** EXERCISE INPUTS follows **
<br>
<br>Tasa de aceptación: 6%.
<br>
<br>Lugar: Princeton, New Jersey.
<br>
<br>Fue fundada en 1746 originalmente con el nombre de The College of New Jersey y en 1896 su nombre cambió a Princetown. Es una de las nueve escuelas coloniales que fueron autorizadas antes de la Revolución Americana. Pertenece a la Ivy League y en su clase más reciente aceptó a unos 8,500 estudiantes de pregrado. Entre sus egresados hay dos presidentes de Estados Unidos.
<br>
** End of EXERCISE INPUTS **
Word for word, give the whole listing again.

ANSWER TO THIS PROBLEM
<br>
<br>Tasa de aceptación: 6%.
<br>
<br>Lugar: Princeton, New Jersey.
<br>
<br>Fue fundada en 1746 originalmente con el nombre de The College of New Jersey y en 1896 su nombre cambió a Princetown. Es una de las nueve escuelas coloniales que fueron autorizadas antes de la Revolución Americana. Pertenece a la Ivy League y en su clase más reciente aceptó a unos 8,500 estudiantes de pregrado. Entre sus egresados hay dos presidentes de Estados Unidos.
<br>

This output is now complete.